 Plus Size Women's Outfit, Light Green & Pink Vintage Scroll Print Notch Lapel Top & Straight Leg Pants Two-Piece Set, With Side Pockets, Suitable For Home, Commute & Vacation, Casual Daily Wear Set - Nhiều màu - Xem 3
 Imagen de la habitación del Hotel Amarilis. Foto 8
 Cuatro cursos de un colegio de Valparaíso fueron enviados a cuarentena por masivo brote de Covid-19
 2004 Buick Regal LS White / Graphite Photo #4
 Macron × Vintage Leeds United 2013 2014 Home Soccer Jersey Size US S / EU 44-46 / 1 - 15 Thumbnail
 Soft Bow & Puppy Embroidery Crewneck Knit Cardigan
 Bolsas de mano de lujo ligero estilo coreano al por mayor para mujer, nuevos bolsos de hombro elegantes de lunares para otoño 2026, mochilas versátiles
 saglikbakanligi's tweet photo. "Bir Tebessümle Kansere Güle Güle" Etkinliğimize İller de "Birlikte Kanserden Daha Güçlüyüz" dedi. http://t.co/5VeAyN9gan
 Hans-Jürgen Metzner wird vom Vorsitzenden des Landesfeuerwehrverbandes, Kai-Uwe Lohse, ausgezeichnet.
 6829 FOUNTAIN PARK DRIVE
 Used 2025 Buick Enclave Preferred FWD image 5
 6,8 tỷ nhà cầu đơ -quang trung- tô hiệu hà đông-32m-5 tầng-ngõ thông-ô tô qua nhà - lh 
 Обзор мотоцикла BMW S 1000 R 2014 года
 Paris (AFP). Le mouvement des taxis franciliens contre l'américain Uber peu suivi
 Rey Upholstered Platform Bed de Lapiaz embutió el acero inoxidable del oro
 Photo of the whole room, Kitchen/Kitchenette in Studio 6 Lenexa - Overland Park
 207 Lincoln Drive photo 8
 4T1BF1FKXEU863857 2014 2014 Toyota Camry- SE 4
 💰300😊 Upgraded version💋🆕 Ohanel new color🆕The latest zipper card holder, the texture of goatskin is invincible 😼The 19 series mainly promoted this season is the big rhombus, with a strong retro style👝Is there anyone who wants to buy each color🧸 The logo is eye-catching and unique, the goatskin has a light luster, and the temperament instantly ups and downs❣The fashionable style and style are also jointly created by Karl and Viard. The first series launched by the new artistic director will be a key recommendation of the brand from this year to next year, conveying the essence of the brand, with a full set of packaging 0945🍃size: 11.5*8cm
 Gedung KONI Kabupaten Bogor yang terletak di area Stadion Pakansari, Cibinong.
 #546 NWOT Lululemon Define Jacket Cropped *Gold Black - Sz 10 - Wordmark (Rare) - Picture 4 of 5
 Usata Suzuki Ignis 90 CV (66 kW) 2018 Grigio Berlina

★ ★ ★ ★

__What the exercise asks__: In the data above, tally the lines holding "Home" and answer with the figure only.

__Response to this task__: 2